→ Problem
Exactly the lines below starting at the line with "Colorama Paper Background" and ending at the line with "SCARPE da DONNA | SANDALI NERO GIARDINI" are wanted, with both ends included. Leave out the pictures and add no other lines.

→ Input
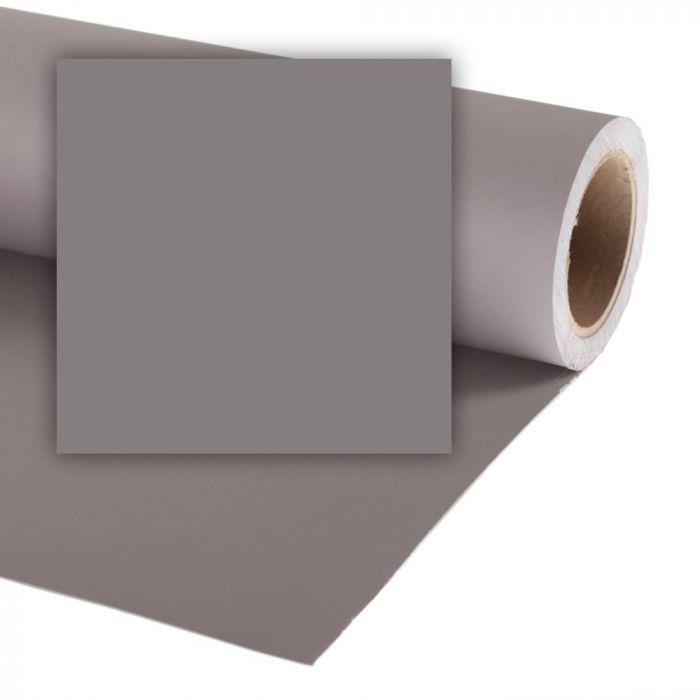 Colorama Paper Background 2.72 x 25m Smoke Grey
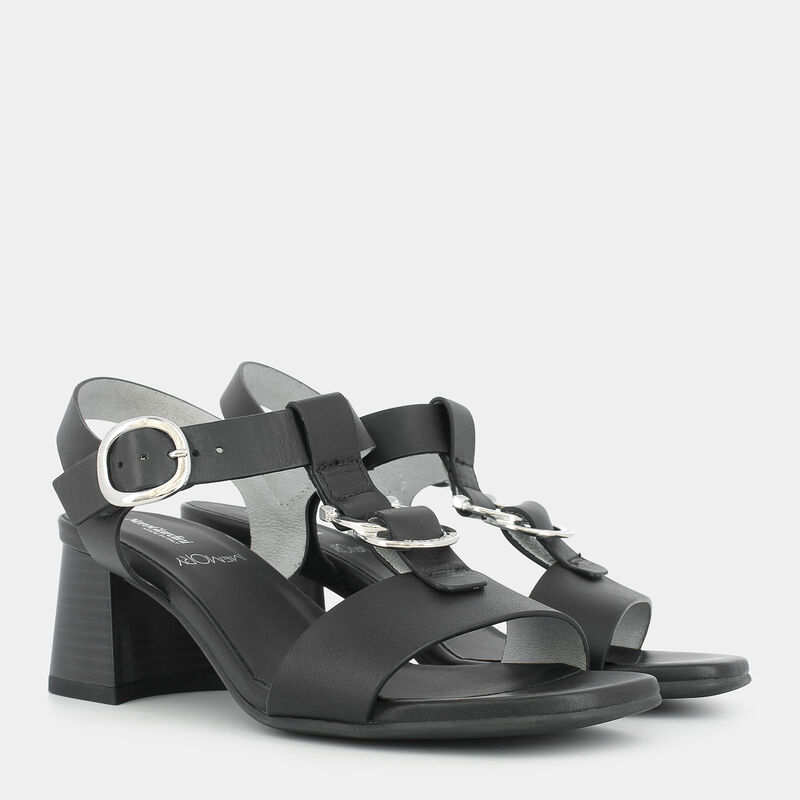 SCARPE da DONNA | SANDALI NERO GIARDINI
--
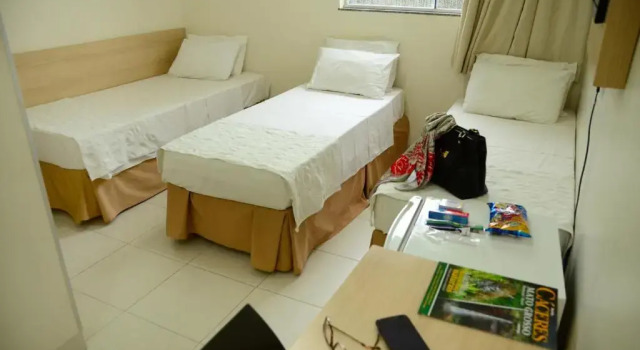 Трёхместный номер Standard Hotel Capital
--
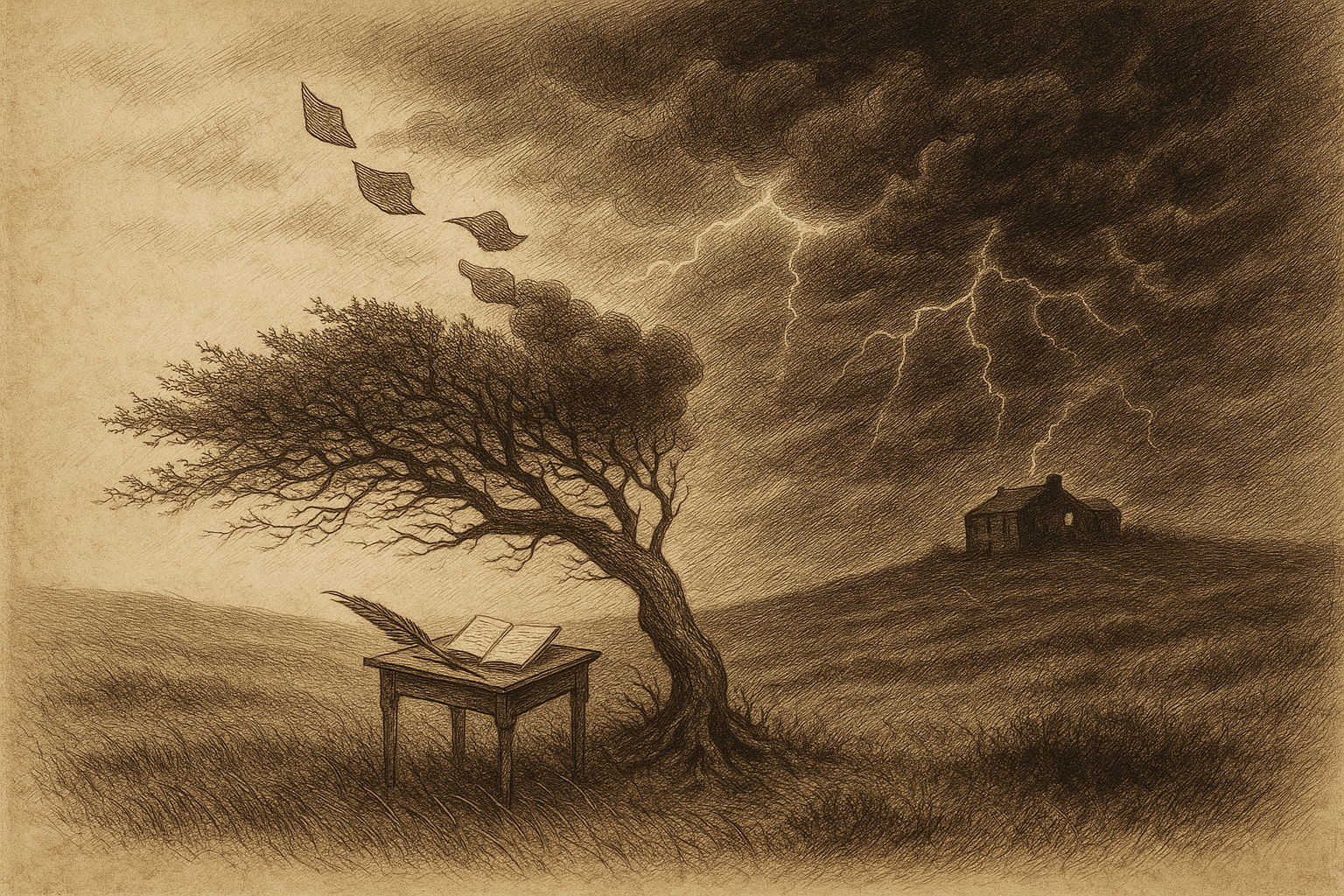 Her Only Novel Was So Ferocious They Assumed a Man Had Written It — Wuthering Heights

→ Exercise result
 Colorama Paper Background 2.72 x 25m Smoke Grey
 SCARPE da DONNA | SANDALI NERO GIARDINI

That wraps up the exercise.